Considérant que Tomecanic est fondée à obtenir réparations du préjudice de perte de marge brute entraîné par le caractère brutal de la rupture ; qu'ainsi que l'a retenu l'expert, il convient de déterminer cette perte par différence entre le chiffre d'affaires réalisé avec les magasins à enseigne Bricorama et Baktor sur les années 1998, 1999 et 2000 et le chiffre d'affaires de 1997, à laquelle sera appliqué le taux de marge brute moyen de 50 % retenu par l'expert, soit, au vu des montants pris en compte dans le rapport d'expertise et non contestés par les intimés, une perte totale de marge de 568 646,40 euro au titre des trois années 1998, 1999 et 2000 ; que la cour réformera le jugement et allouera à Tomecanic, pour six mois, la somme de 94 774,40 euro avec intérêts au taux légal à compter du présent arrêt conformément à l'article 1153-1 du Code civil ; qu'il sera fait droit à la demande de capitalisation des intérêts, la cour rappelant que cette capitalisation ne pourra avoir lieu le cas échéant, que lorsque les intérêts seront dus depuis plus d'un an ;

Sur la demande de Tomecanic de dommages et intérêts au titre de l'atteinte à son image et des agissements de Bricorama

Considérant qu'ainsi que l'ont retenu les premiers juges, les appelantes ne rapportent la preuve ni d'une perte d'image de Tomecanic qui résulterait de la rupture des relations commerciales, ni d'un préjudice autre que celui réparé au titre de la rupture brutale des relations commerciales ; que le jugement sera confirmé en ce qu'il a débouté Tomecanic de sa demande de ce chef ;

Sur la demande reconventionnelle de Bricorama et de Bricorama France

Considérant que les intimées demandent la condamnation de Tomecanic à dommages et intérêts pour inexécution de ses obligations contractuelles sur le taux de service, les délais contractuels de livraison, la qualité des marchandises livrées et pour exploitation abusive de l'état de dépendance économique de son cocontractant ;

Considérant que les griefs énoncés par les intimées à l'encontre de Tomecanic soit sont qualifiés d'infondés par l'expert (sur le taux de service et sur les délais contractuels de livraison), soit ne sont pas précisément caractérisés sur les litiges marchandises - dont les intimées indiquent qu' "il n'y a pas lieu de les étudier au cas par cas" - sur le non-respect des délais de paiement - qu'elles n'évoquent qu'au titre de deux factures d'octobre 1998 et d'août 1999 - et sur l'exploitation abusive par Tomecanic de l'état de dépendance économique de la centrale de référencement et des distributeurs dont Bricorama ne précise nullement le caractère abusif au sens de l'article L. 420-2 2e alinéa du Code de commerce ; que le jugement sera en conséquence confirmé sur le rejet de la demande reconventionnelle de ce chef ;

Considérant que le jugement sera également confirmé sur les frais irrépétibles de première instance ; que l'équité commande de condamner solidairement la SAS Bricorama et la SAS Bricorama France à payer à la SA Tomecanic-Bénetière la somme de 4 000 euro au titre des frais irrépétibles d'appel ; que la SA Bricorama et par la SAS Bricorama France, qui succombent, seront condamnées aux dépens d'appel ;

Par ces motifs, Infirme le jugement sur la montant des dommages et intérêts au titre de la rupture brutale des relations commerciales et de l'absence de préavis et le point de départ des intérêts y afférents, Statuant à nouveau de ce chef, Condamne solidairement la SA Bricorama et la SAS Bricorama France à payer à la SA Tomecanic-Bénetière la somme de 94 774,40 euro avec intérêts au taux légal à compter du présent arrêt.

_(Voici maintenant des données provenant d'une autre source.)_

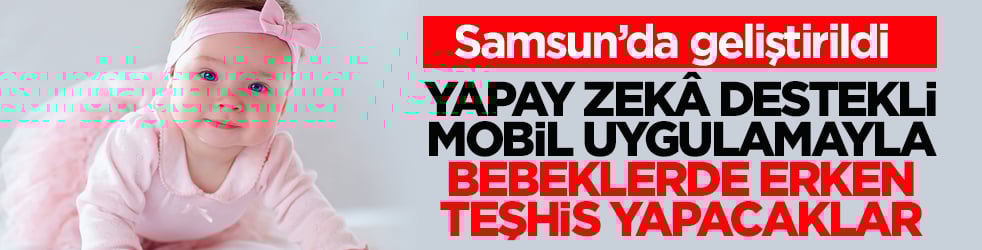 Samsun’da geliştirildi! Yapay zekâ destekli mobil uygulamayla bebeklerde erken teşhis yapacaklar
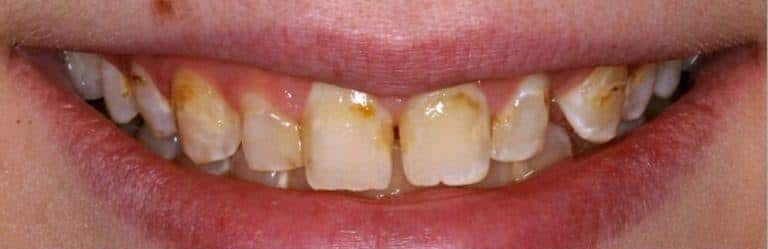 Before Image: Implant Dentures - front
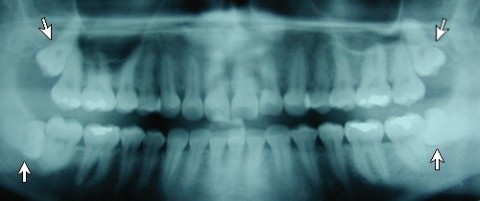 b2ap3_thumbnail_panoramik دندان نهفته: چرا گاهی دندان زیر لثه باقی می ماند؟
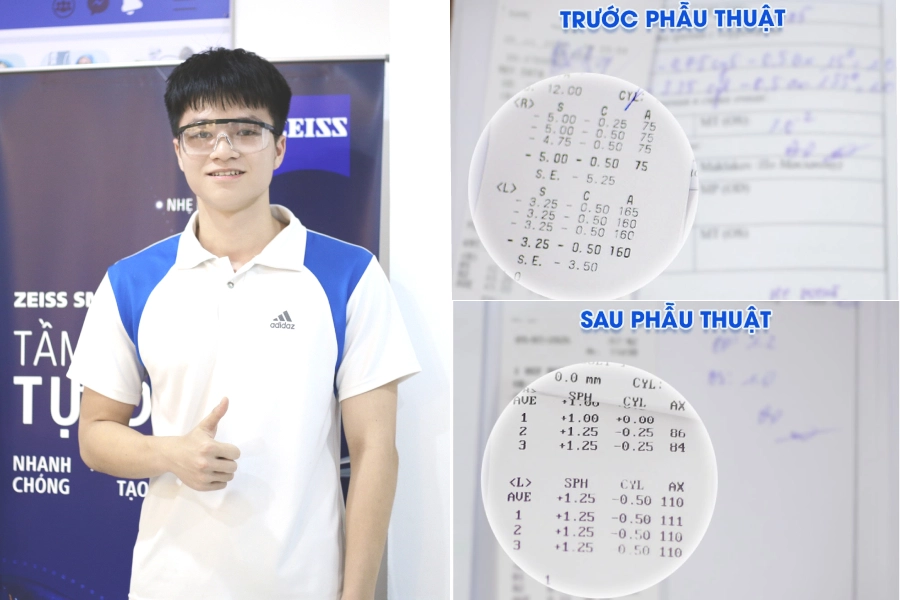 Chia tay kính cận trước ngưỡng cửa đại học, nam sinh 2K8 sở hữu thị lực sắc nét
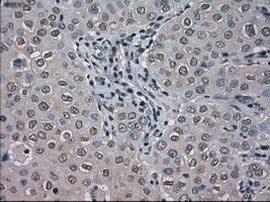 BUB1B Antibody in Immunohistochemistry (Paraffin) (IHC (P))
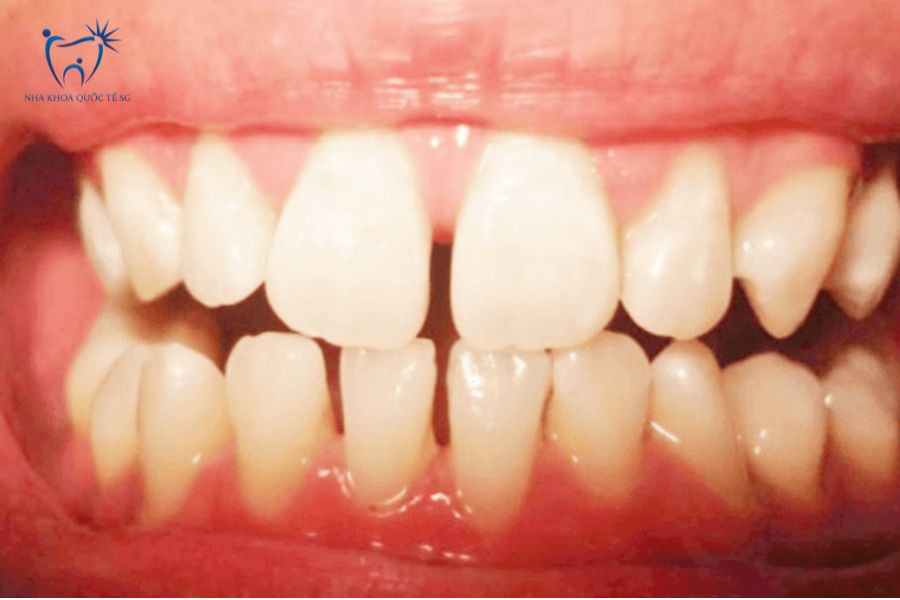 Phân cấp tình trạng răng thưa khác nhau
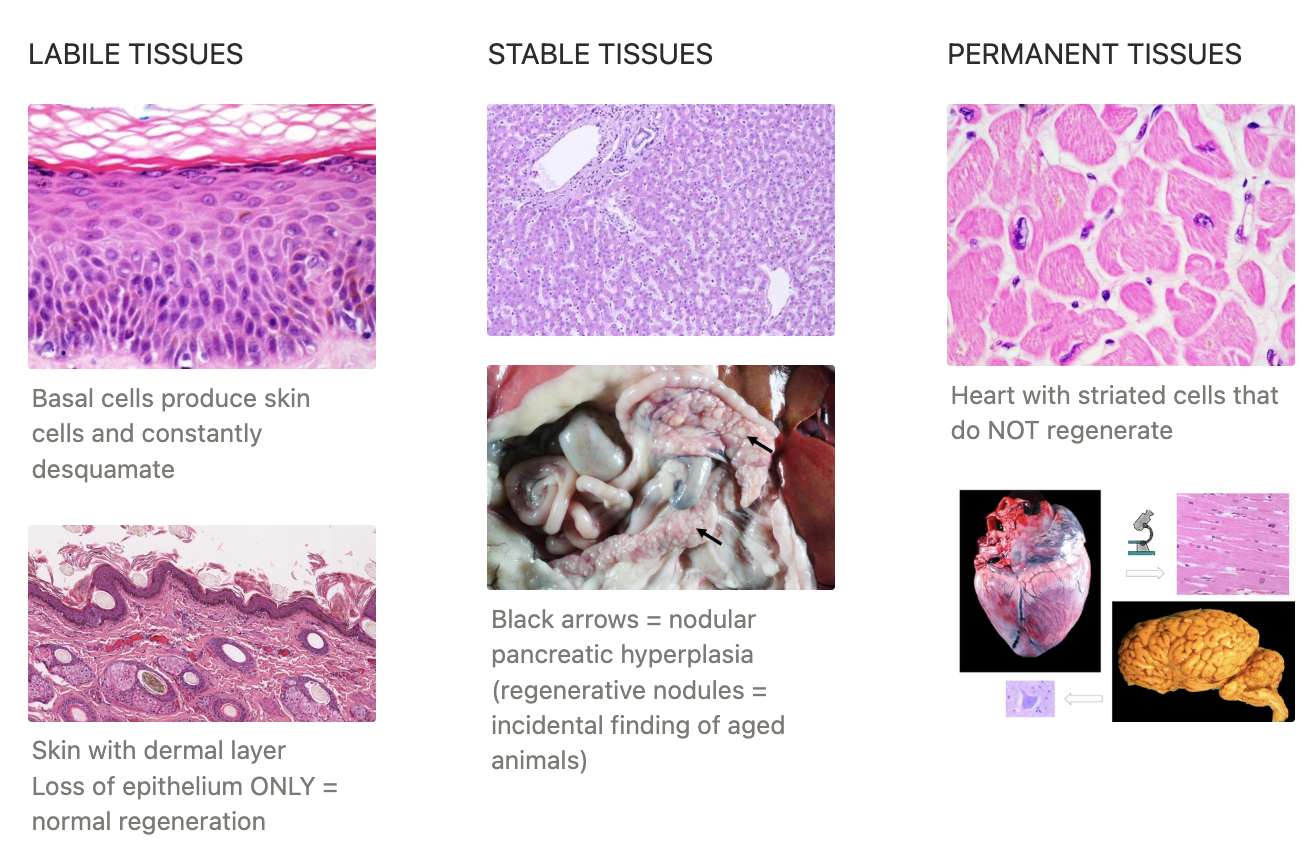 <p><strong><u>ONE: LABILE TISSUES</u></strong></p><p><u>Definition:</u> Contain undifferentiated stem cells that are continuously diving and proliferate throughout their life, replacing those that are lost</p><p><u>Examples:</u></p><ol><li><p>Mucosal epithelium</p></li><li><p>Bone marrow cells and haematopoietic tissues</p></li></ol><p></p><p><strong><u>TWO: STABLE TISSUES</u></strong></p><p><u>Definition:</u> Contain quiescent cells with low levels of replication </p><ul><li><p>The cells are usually in the rest phase of the cell cycle, but undergo rapid division in response to injury (stimulated by growth factors)</p></li></ul><p><u>Examples:</u></p><ol><li><p>Mesenchymal cells</p></li><li><p>Vascular endothelial cells</p></li><li><p>Parenchymal cells of the liver, kidneys and pancreas</p></li></ol><p></p><p><strong><u>THREE: PERMANENT TISSUES</u></strong></p><p><u>Definition:</u> Terminally differentiated non-proliferative cells</p><ul><li><p>Damage to these cells will result in loss of function as they repair by scar tissue formation</p></li></ul><p><u>Examples:</u> </p><ol><li><p>Cardiac cells</p></li><li><p>Nervous tissue</p></li></ol><p></p>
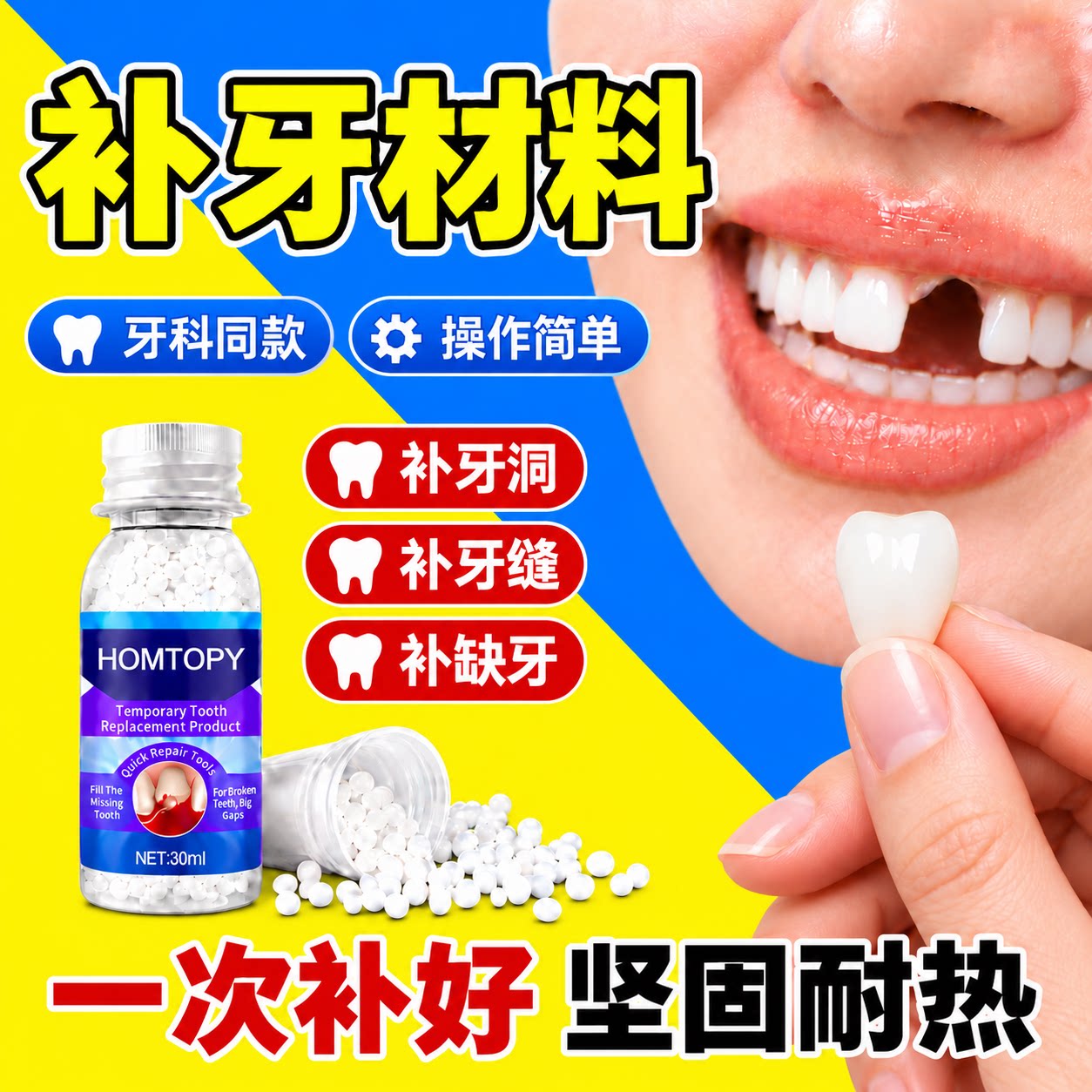 补牙齿洞填补膏材料自在己家填充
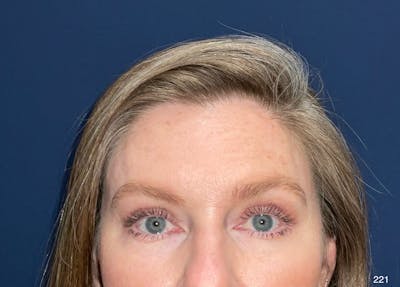Eyelid Surgery by Dr. Haydon Before & After Gallery - Patient 304363 - Image 2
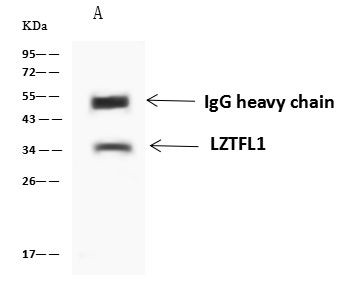 LZTFL1 Antibody in Immunoprecipitation (IP)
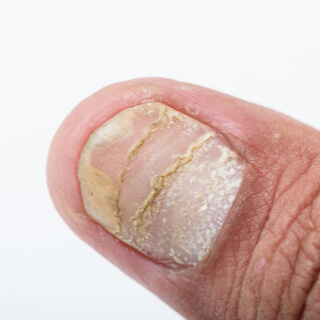 صدفية الأظافر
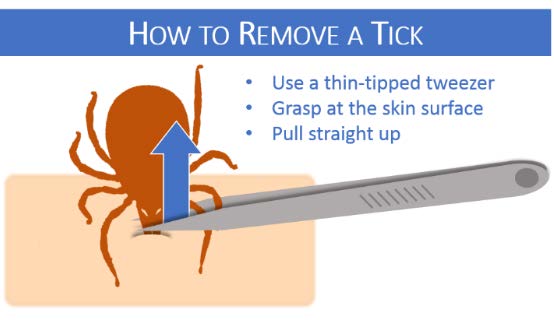 How to remove a tick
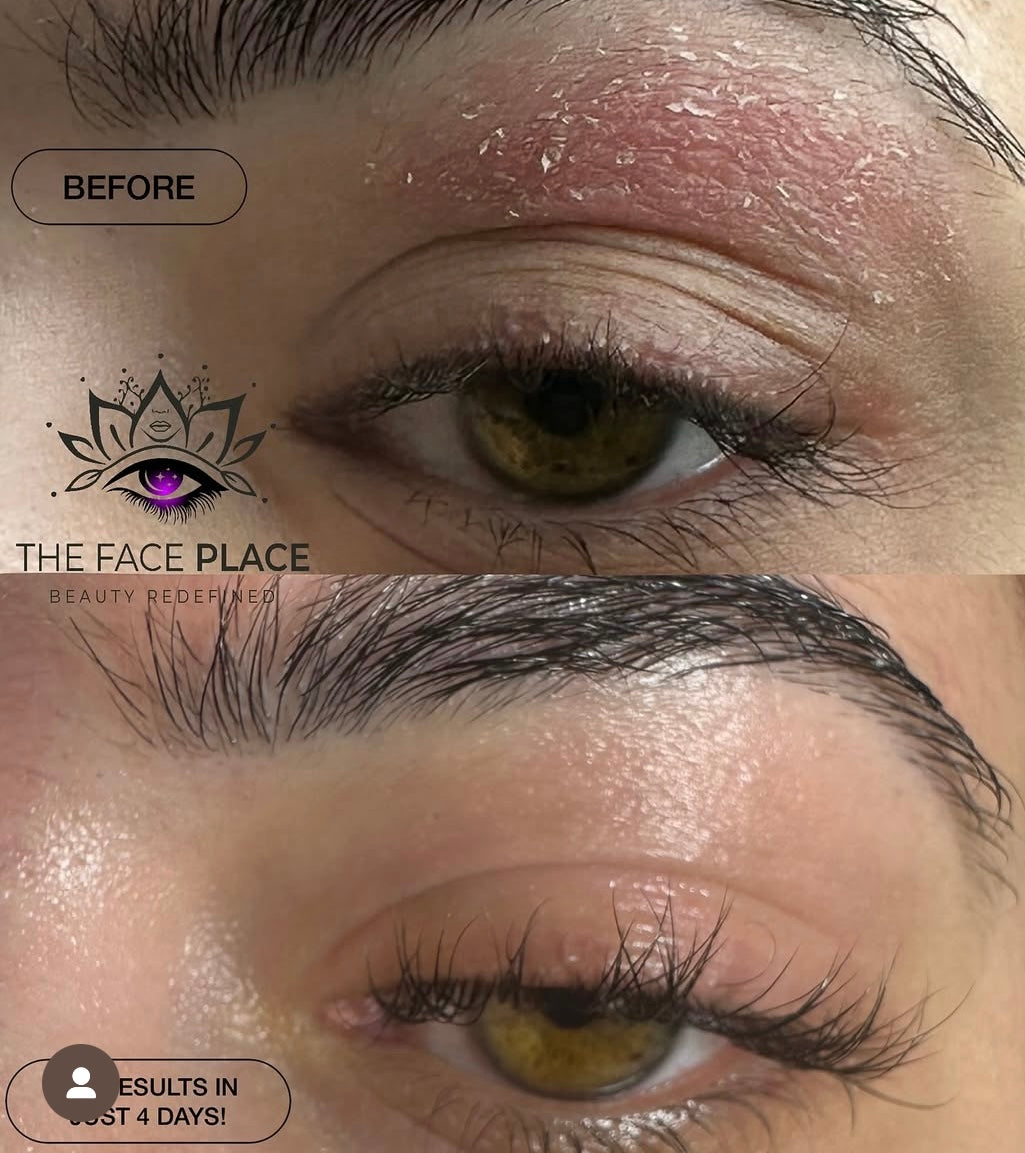 SIV Biome Balancing Serum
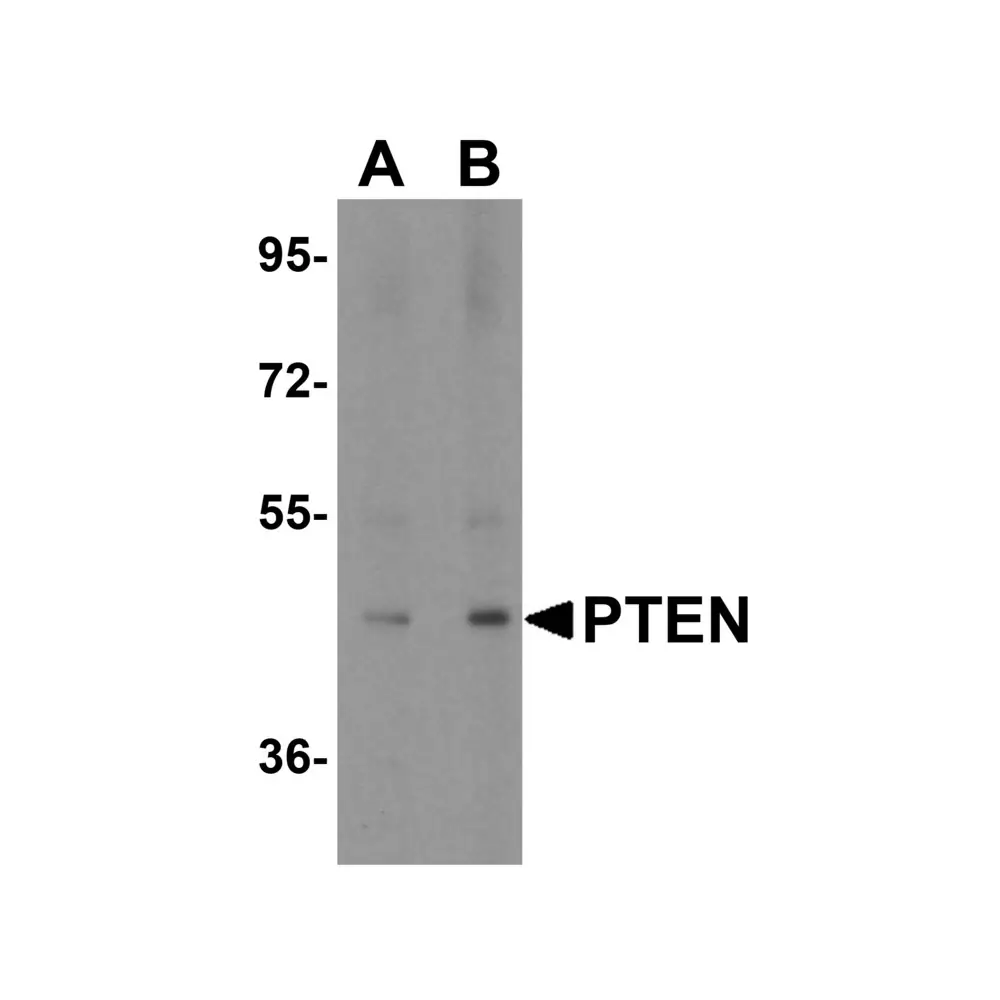 ProSci 3517 PTEN Antibody, ProSci, 0.1 mg/Unit Primary Image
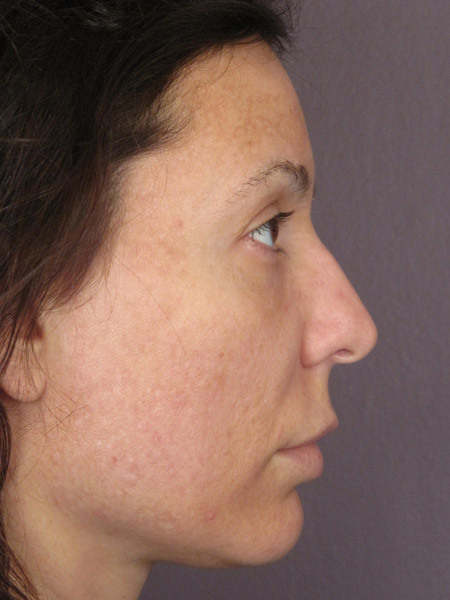 Nose Reshaping before and after photo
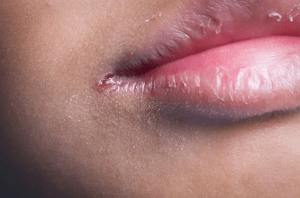 Chéilite angulaire ou perlèche du coin des lèvres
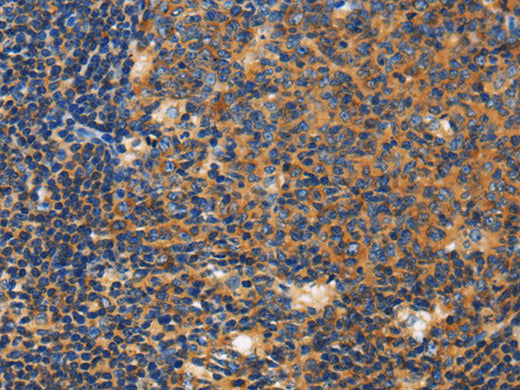 CERK Polyclonal Antibody Store at -20°C - MSE Supplies LLC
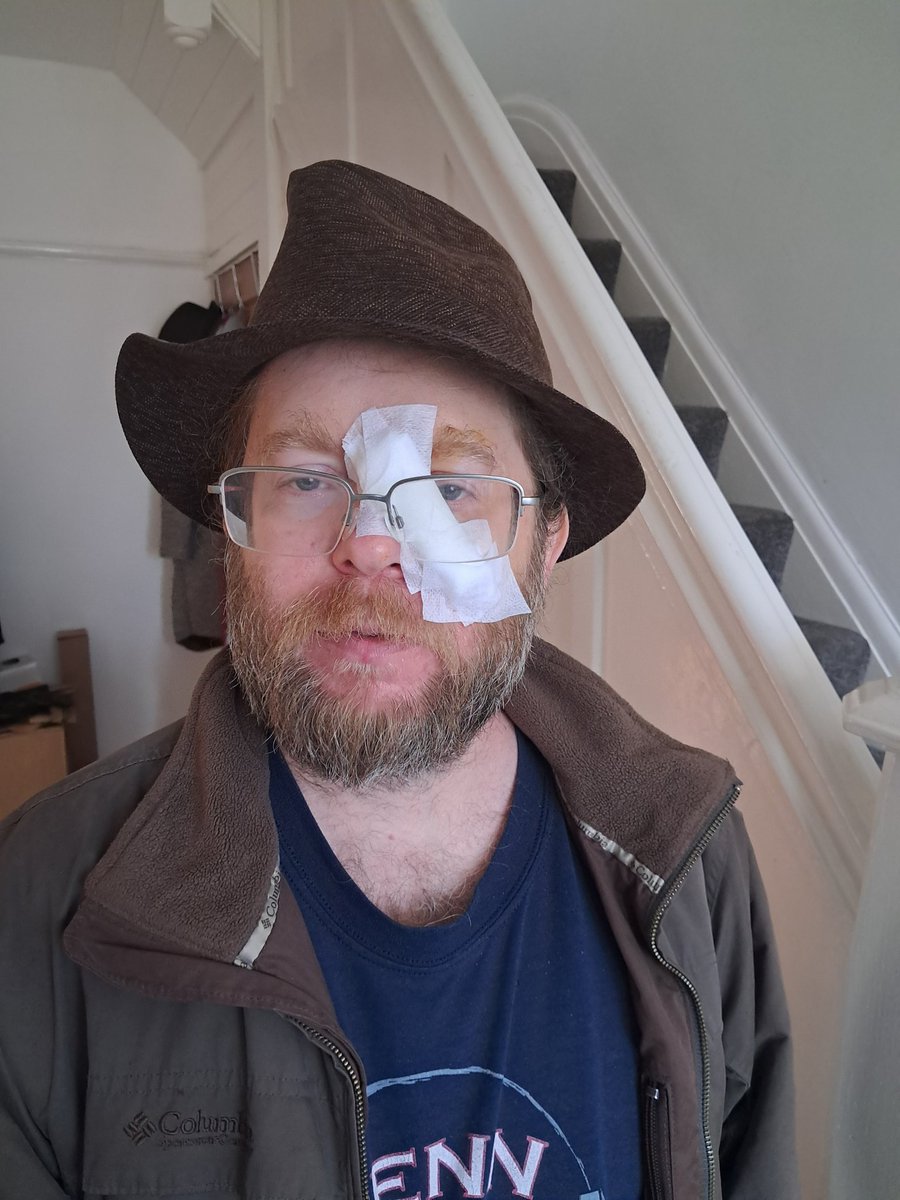 FlintDibble's tweet photo. An immigrant attacked me today with a knife. Slicing my face right near my eye. He removed a carcinoma and made a wide excision. Expertly stitching me up to ensure the wound wouldn't impact my eye and minimize the scar. Big props to the NHS and to immigrants! https://t.co/PeCNuoeP37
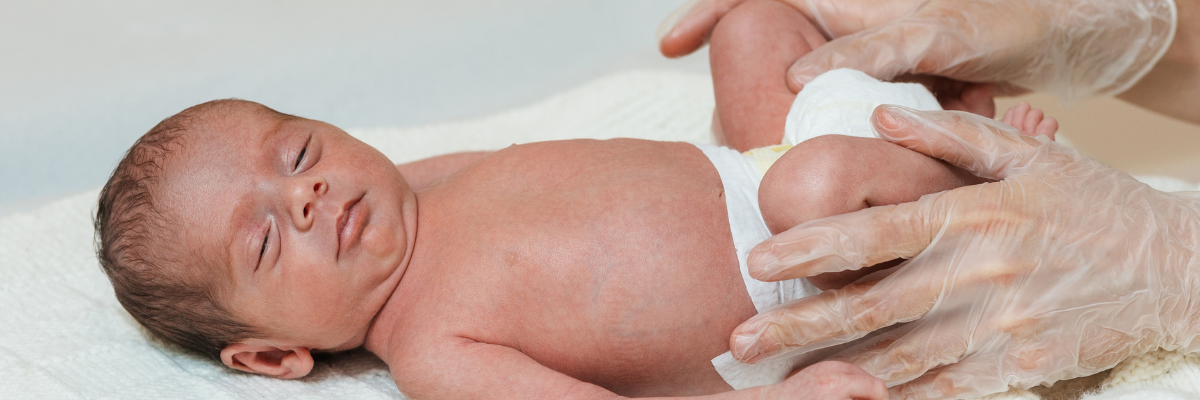 Fisioterapia para Bebés con Hipotonía: Terapias para Mejorar el Tono Muscular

Ordonne la capitalisation des intérêts le cas échéant, dans les conditions prévues par l'article 1154 du Code civil. Confirme le jugement pour le surplus. Condamne solidairement la SA Bricorama et la SAS Bricorama France à payer à la SA Tomecanic-Bénetière la somme de 4 000 euro au titre des frais irrépétibles d'appel. Condamne la SA Bricorama et la SAS Bricorama France aux dépens d'appel.